Historic house in Virginia, United States

Walnut Grove is an historic Greek Revival-style house in Spotsylvania County, Virginia. The house was built in 1840 on land that was purchased by Jonathan Johnson in 1829. Markings on the exposed oak beams indicate that Walnut Grove was built by William A. Jennings. Jennings was recognized as a master builder of Greek Revival homes during that period. Walnut Grove was added to the National Register of Historic Places in August 2004.

==Design and construction==
Walnut grove is a five-bay house with a raised brick basement. The front porch is distinctive Greek Revival. The flat porch roof over the entrance is supported by four square Tuscan columns joined by the original balustrades. The entry is adorned with carved sidelights and a leaded tracery transom. The shutters on the basement and first floor windows are original. The roof is hipped.
The house's floor plan is L-shaped. Like the front entrance, the rear porch roof rests on Tuscan columns. The house has three brick interior-end chimneys. Oak beams in the hallway, kitchen, and dining room walls are exposed. These beams show Roman numerals indicating where joists are to be attached. These markings are identical to markings in Edgewood, another of Jennings' houses.
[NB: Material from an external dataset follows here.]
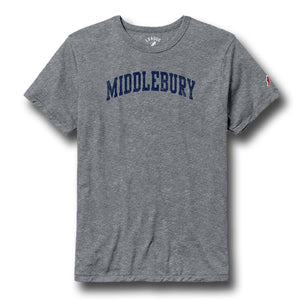 Middlebury Tri-Blend T-Shirt (Heather-Grey)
Little has changed in the appearance of Walnut Grove since the mid-1800s. On the grounds, there is the original smokehouse, as well as the stone fireplace of the 18th century Coleman house that was built at Walnut Grove prior to the current house. This fireplace was once the kitchen for the home.

In the 1980s the Bond house, an 18th-century building, was moved from Louisa County, Virginia to Walnut Grove. The restoration of this building, which currently serves as a bed and breakfast, was recognized by the Spotsylvania Preservation Foundation. The grounds also feature an English garden, vegetable gardens, orchards, and a vineyard.